I tapped her on the shoulder. She set the bag on the glass counter and spun around, looking guilty.
“Oh, India! Hi!”
I gave her a hug. “Pretty bag.”
She lowered her voice. “It costs twenty-one hundred dollars. Two thousand dollars for a purse!”
I didn’t answer. The truth was, I had that very purse in my closet at home, along with its patent-leather cousin and a wallet that matched. “Are you hungry?”
“Oh, my God. Always.”
We took the elevator up to the restaurant, where the maître d’ whisked us to a table by the windows. Central Park spread out on one side, and we could see Fifth Avenue on the other. I ordered my usual salade niçoise, and Annie, looking embarrassed again, asked for the filet and mashed potatoes, an item that was probably on the menu just for the husbands and boyf
riends who got dragged along on their wives’ shopping excursions.
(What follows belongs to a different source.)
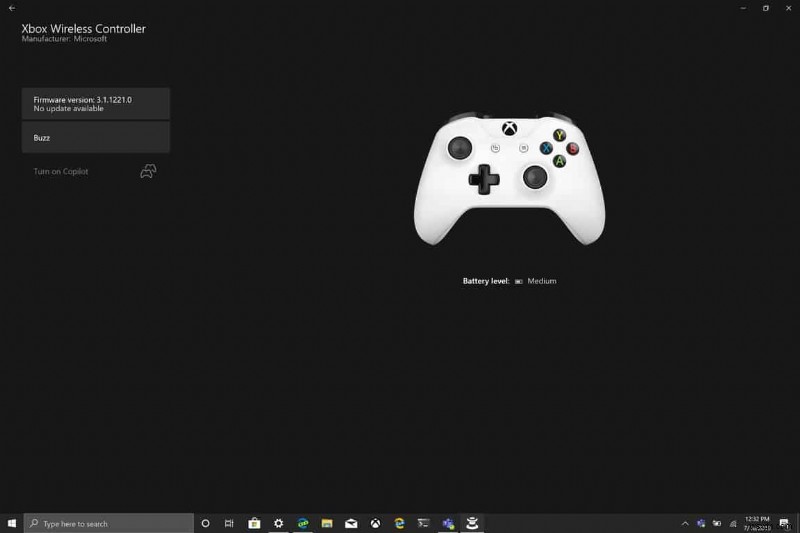 How to check the battery level of your Xbox One controller on Windows 10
“Are you feeling good?” I asked her. I’d wanted a glass of wine with lunch, but it seemed cruel to order one, to drink when she couldn’t, to emphasize once again that she was doing a task I’d hired her to perform.
“I feel great,” she said, buttering a piece of bread (normally, I would have waved the bread basket away, but Annie had looked so happy when it arrived that I hadn’t said a word, and had even made a mental note to order dessert so that she wouldn’t feel uncomfortable if she wanted something). “I told you, I’m good at this.” She tore off a bite of bread. “Some skill, right?”
“I’m sure you have other talents.” From what I’d heard, Annie’s life sounded fun and full. She was close to both her mother and her sister, and sounded genuinely content when she talked about her garden, her sons, her plans for the farmhouse. I felt good that the money she’d be getting would help her realize some of her dreams.
The waiter set our plates down with a flourish, and I watched Annie as she ate. She wasn’t fat, but she was too big to fit into a sample size, which meant she was too big, period, for New York. Clearly she didn’t care for fashion, because, as I’d learned in Los Angeles, even on a budget, you could have a look. Annie had no look. To her, I guessed, clothing was something that existed strictly to keep her from being naked. Her tunic was a shapeless sack in drab purple. Her no-style hair, a pretty light brown, was brushed back from her face and secured with a headband. I could tell she’d made an effort with lipstick and eyeliner and mascara, insofar as “effort” meant putting them on. The eyeliner was smudged a little, and there was a faint track of mascara underneath one eye. The first time I’d seen her, I’d guessed that she didn’t paint her face between one Sunday and another. There was a small diamond ring and a slim gold band on her left ring finger, a cheap-looking watch on her right wrist, plain gold hoops in her ears, and a black leather purse that probably hadn’t cost a fraction of the bag she’d been eyeing downstairs.